‘Palasa 1978’ doesn’t advocate violence, says actor Rakshit Atluri

Rakshit Atluri and Nakshatra in a still from ‘Palasa 1978’  

Rakshit Atluri from Vijayawada might have had a disappointing start with his début film London Babulu, which released two years ago. The film was a remake of the Tamil film Andavan Kattalai and also starred Swathi Reddy in the lead.

Now, Rakshit is confident and looking forward to the release of director Karuna Kumar’s Palasa 1978, where he’ll be sharing screen space with Nakshatra. Talking about how he landed this film, he says, “I wanted to do something different from the regular format and around that time, I met director Karuna Kumar who made short films that fetched him national awards. He narrated the story to my father and director Tammareddy Bharadwaja who is a family friend. The latter is now presenting the film.”

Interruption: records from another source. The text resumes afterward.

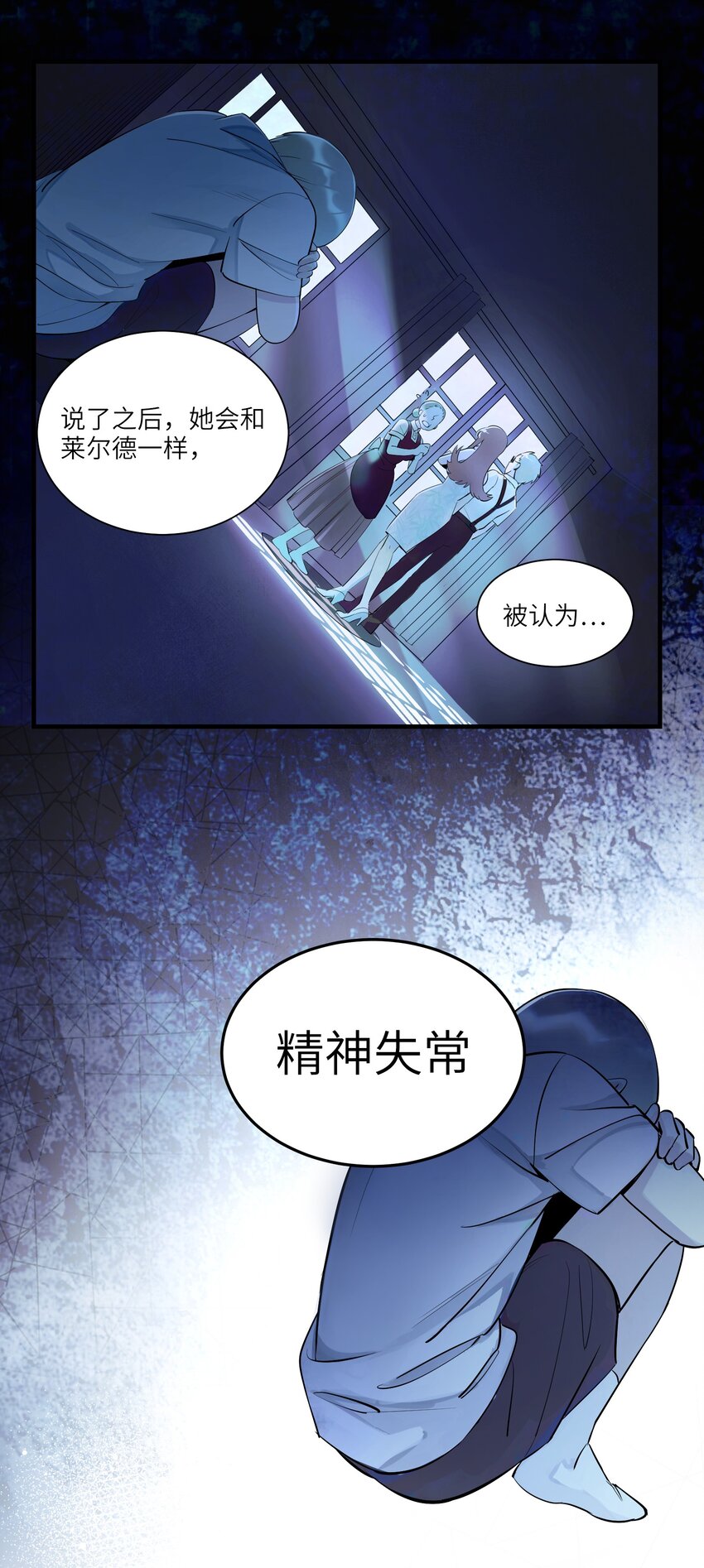《请勿洞察》第1章 奇怪的门 第41页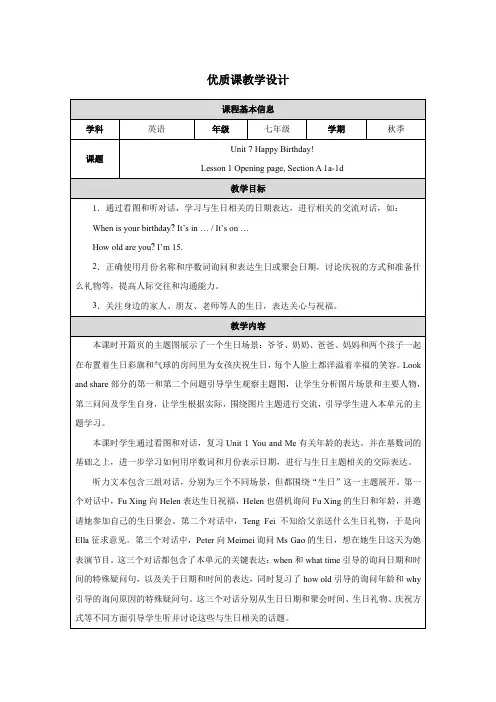 PEP七年级上英语Unit 7 Lesson 1优质课教学设计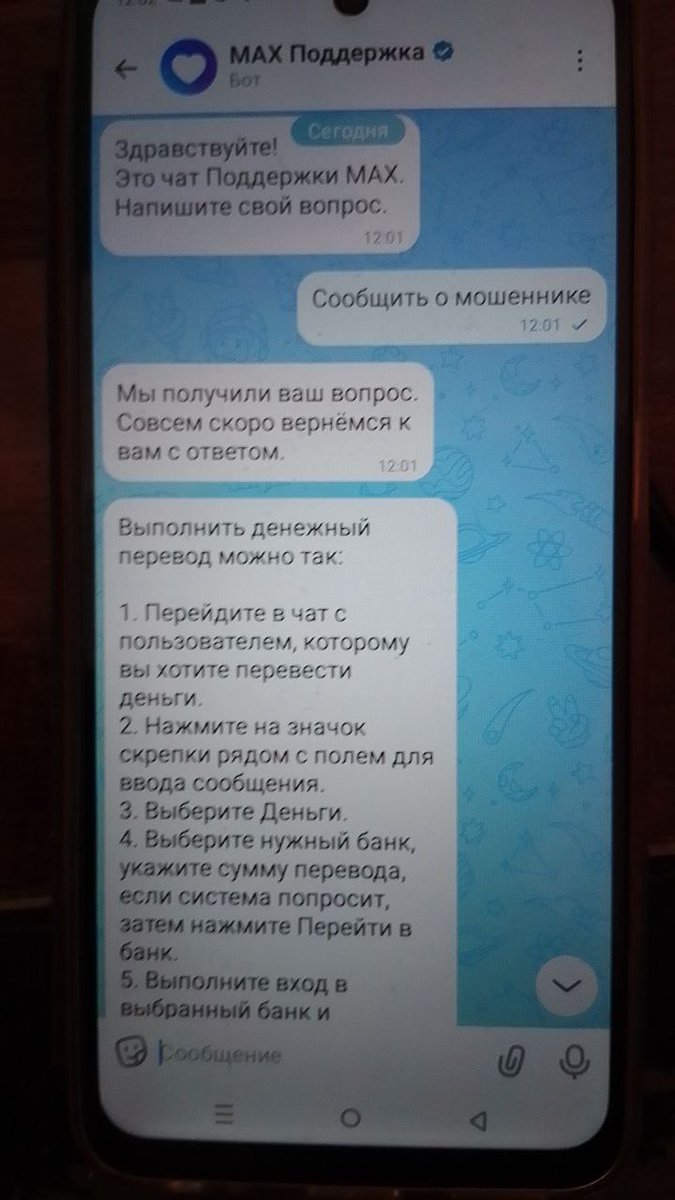 Шикарный мессенджер)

The film moves from 1978 to 2018 and Rakshit’s character evolves from the age of 18 to 60; the actor is seen sporting four different looks, justifying his age. An incident took place in Palasa and the director, drawing from the observations of people in the region, has fictionalised a character for this film. The director hails from Palasa and that helped him add value to the story.

The tale is set against the cashew business, which is the main income of the people. The crime drama revolves around money and politics. Rakshit elaborates, “I play Mohan Rao and the character is seen participating in dance troupes as he belongs to a family of folk artistes. Srikakulam is famous for Janapadalu. How circumstances lead him to becoming a rowdy forms the crux of the story.” He stresses that the film will be entertaining, with dances, fights and all the elements that will appeal to the mainstream audience.

Rakshit shares that he will first be seen as an 18-year-old, then 24, 40 and finally a 60-year-old in the film. The director shot the portions that required Rakshit to play a 60-year-old towards the end, as the actor had lost weight to look like a teen.

He also learnt to speak Telugu in a dialect that fit the Palasa region in 45 days, with the help of an assistant director from the area. He talks of the ordeal the team went through at the Odisha border: “There were no great facilities. For the first 10 days, we shot at night and wound up by morning. We went to Palasa during the wedding season and stayed in different places as the hotels were occupied. What I observed is the population survives on the cashew business; though there are de-seeding machines, at least 40% of the people do the task manually. All this has been captured well in the film, since we shot at live locations.” He adds that the film doesn’t advocate violence. “Mine is an intense character and I was always in the mood. There is violence but it hasn’t been depicted as though we advocate it.”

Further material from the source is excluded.